• DATASET ENTRIES
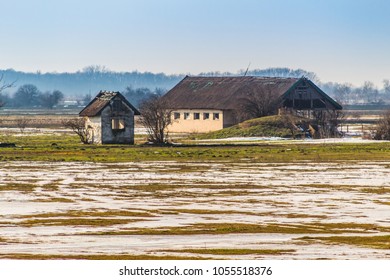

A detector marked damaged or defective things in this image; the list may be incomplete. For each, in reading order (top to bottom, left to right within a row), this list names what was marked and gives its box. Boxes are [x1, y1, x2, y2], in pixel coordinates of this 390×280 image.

damaged roof [79, 89, 140, 116]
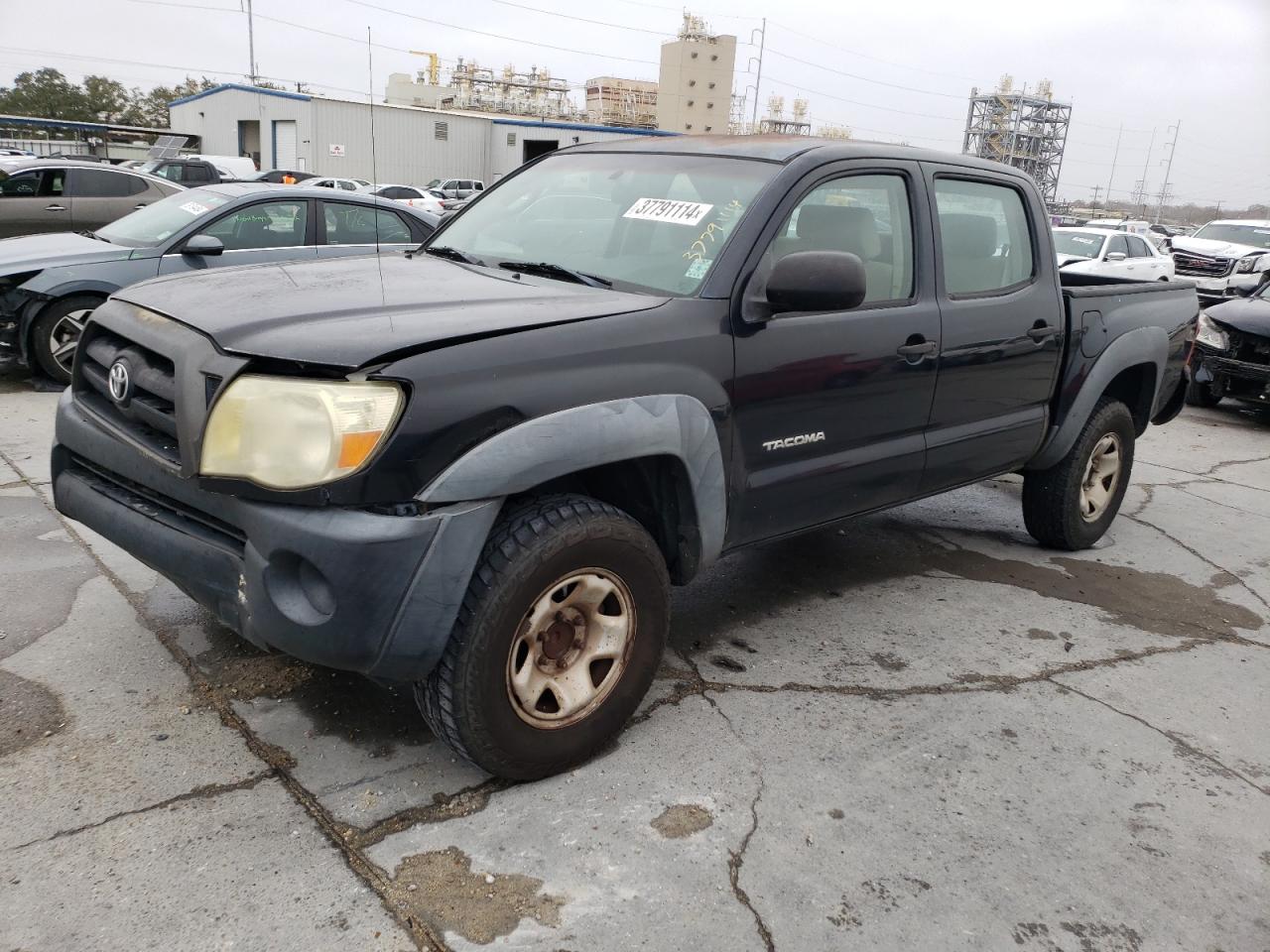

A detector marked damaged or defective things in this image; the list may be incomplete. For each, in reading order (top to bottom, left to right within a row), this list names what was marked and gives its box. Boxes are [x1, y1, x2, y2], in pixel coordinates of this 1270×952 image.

damaged hood [0, 231, 131, 276]
damaged hood [115, 251, 671, 367]
damaged hood [1206, 299, 1270, 343]
damaged gmc sedan [55, 138, 1199, 777]
cracked asphalt [0, 361, 1262, 948]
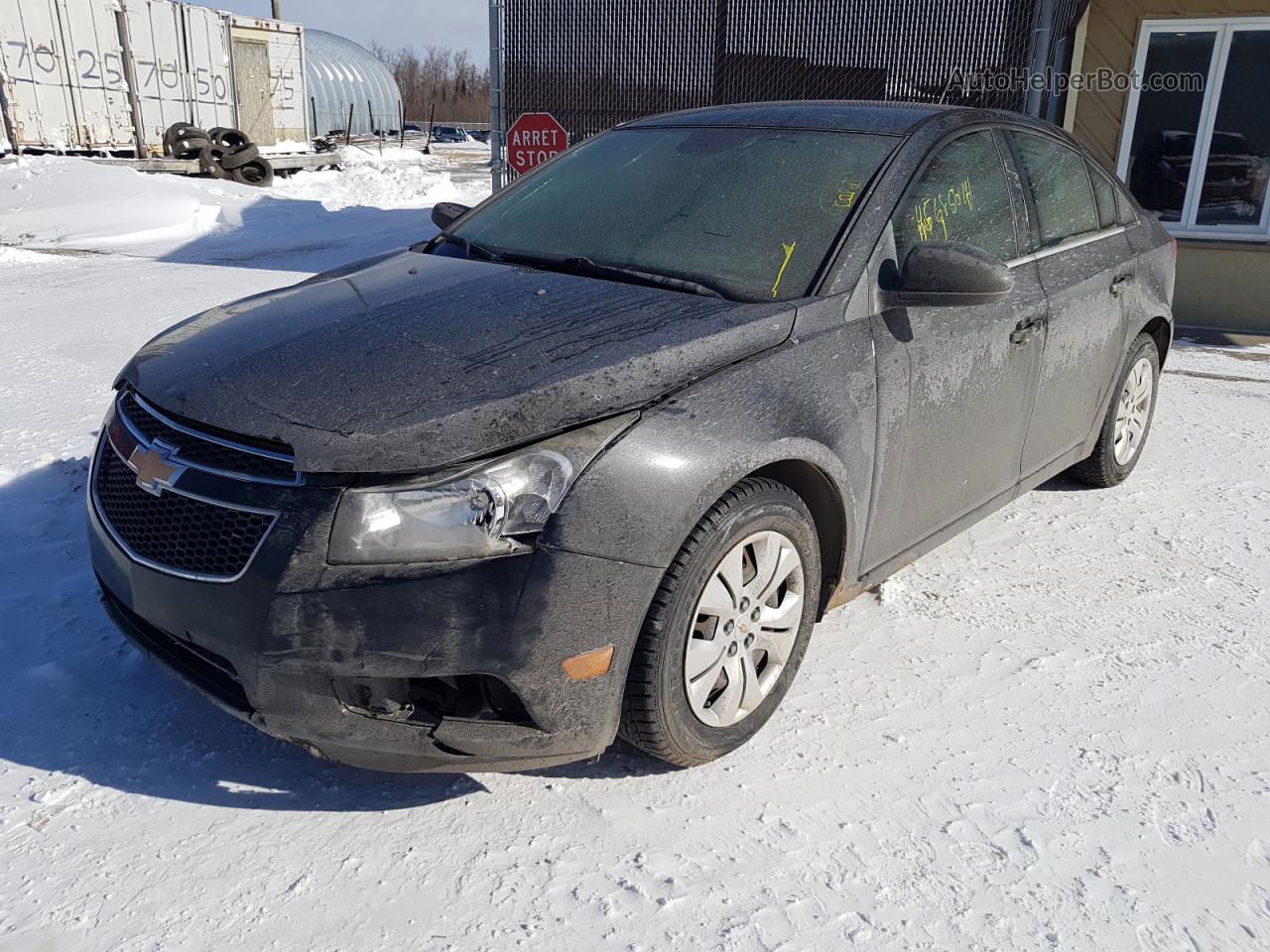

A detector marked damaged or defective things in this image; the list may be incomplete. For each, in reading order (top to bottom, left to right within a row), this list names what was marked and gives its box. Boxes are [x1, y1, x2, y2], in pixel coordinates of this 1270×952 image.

damaged front bumper [89, 431, 665, 776]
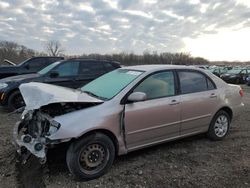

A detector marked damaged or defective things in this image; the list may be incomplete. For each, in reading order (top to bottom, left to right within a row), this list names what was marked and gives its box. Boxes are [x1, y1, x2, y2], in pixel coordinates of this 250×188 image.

crumpled front end [13, 110, 62, 163]
damaged front bumper [13, 110, 64, 163]
deployed crash damage [13, 82, 102, 163]
damaged silver sedan [12, 65, 243, 181]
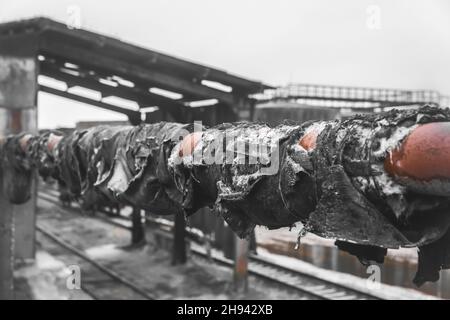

• YOUR TASK
What is needed is an exact transcription of the lines from the one containing "this 250×188 image." through the last line of the records above, both included, with no pictures.

• EXERCISE RESULT
A detector marked damaged or defective things in this image; the list may be incomplete. For each, in reading order (top to bottom, left to right within a row), this list names what was marked and gives its box. Boxes are [x1, y1, x2, y2], in pixel coordinates of this 250×188 image.

crumpled front end [13, 110, 62, 163]
damaged front bumper [13, 110, 64, 163]
deployed crash damage [13, 82, 102, 163]
damaged silver sedan [12, 65, 243, 181]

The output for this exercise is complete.